## What the task asks
Output the line that contains "A passenger's view" together with each line after it, through the final line of the listing below, word for word; omit pictures.

## Data supplied

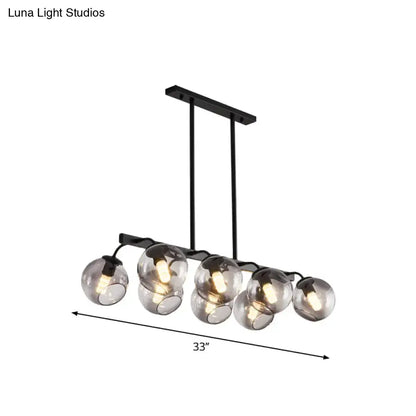 Black metal chandelier with five spherical smoked glass orb shade globes for kitchen and dining room lighting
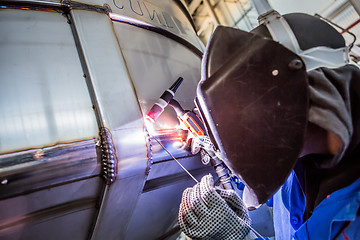 Image showing Man welding with reflection of sparks on visor. Hard job. 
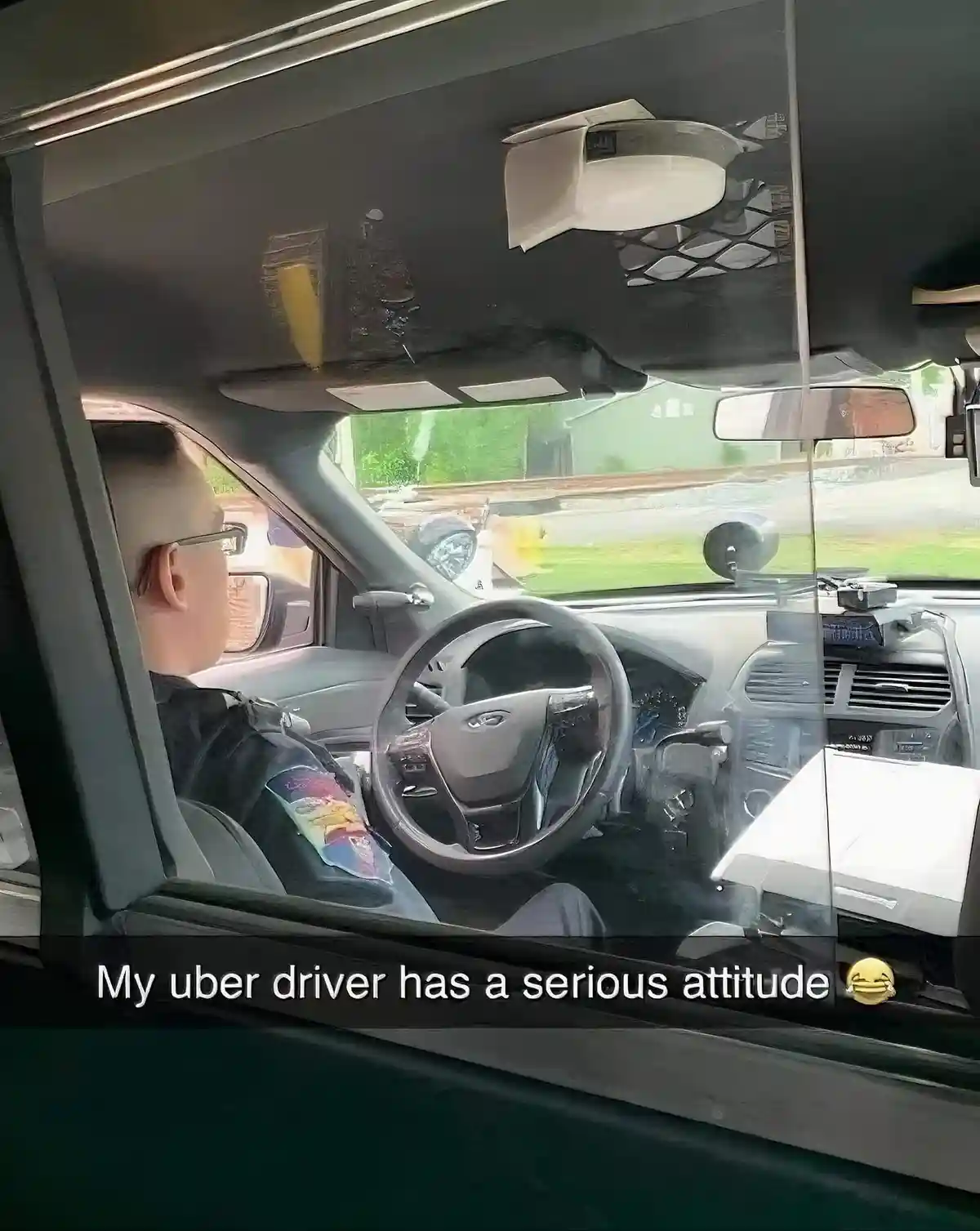 A passenger's view from inside a car shows a driver with a shaved head and glasses, looking straight ahead with a neutral…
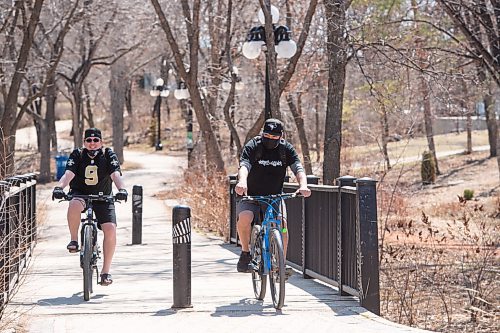 MIKE SUDOMA / WINNIPEG FREE PRESS  
Cyclists (left to right) Steve and Jason, take a ride through the water front bike path Friday afternoon
April 22, 2021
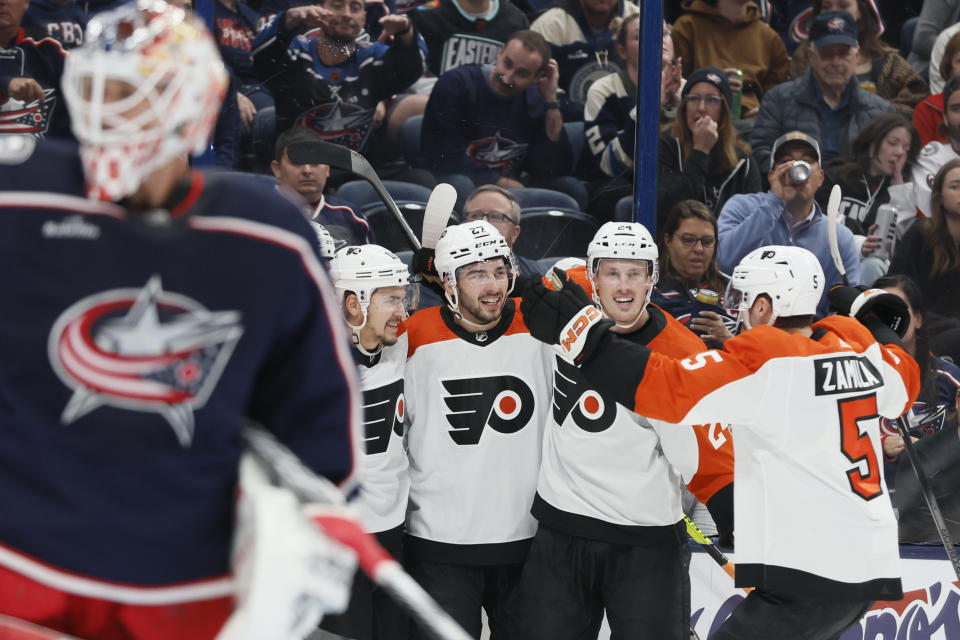 Philadelphia Flyers celebrate a goal against Columbus Blue Jackets' Elvis Merzlikins, foreground, during the first period of an NHL hockey game Thursday, Oct. 12, 2023, in Columbus, Ohio. (AP Photo/Jay LaPrete)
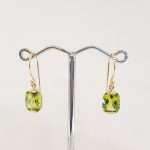 9ct gold earrings featuring faceted rectangular peridot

## Answer to the exercise
 A passenger's view from inside a car shows a driver with a shaved head and glasses, looking straight ahead with a neutral…
 MIKE SUDOMA / WINNIPEG FREE PRESS  
Cyclists (left to right) Steve and Jason, take a ride through the water front bike path Friday afternoon
April 22, 2021
 Philadelphia Flyers celebrate a goal against Columbus Blue Jackets' Elvis Merzlikins, foreground, during the first period of an NHL hockey game Thursday, Oct. 12, 2023, in Columbus, Ohio. (AP Photo/Jay LaPrete)
 9ct gold earrings featuring faceted rectangular peridot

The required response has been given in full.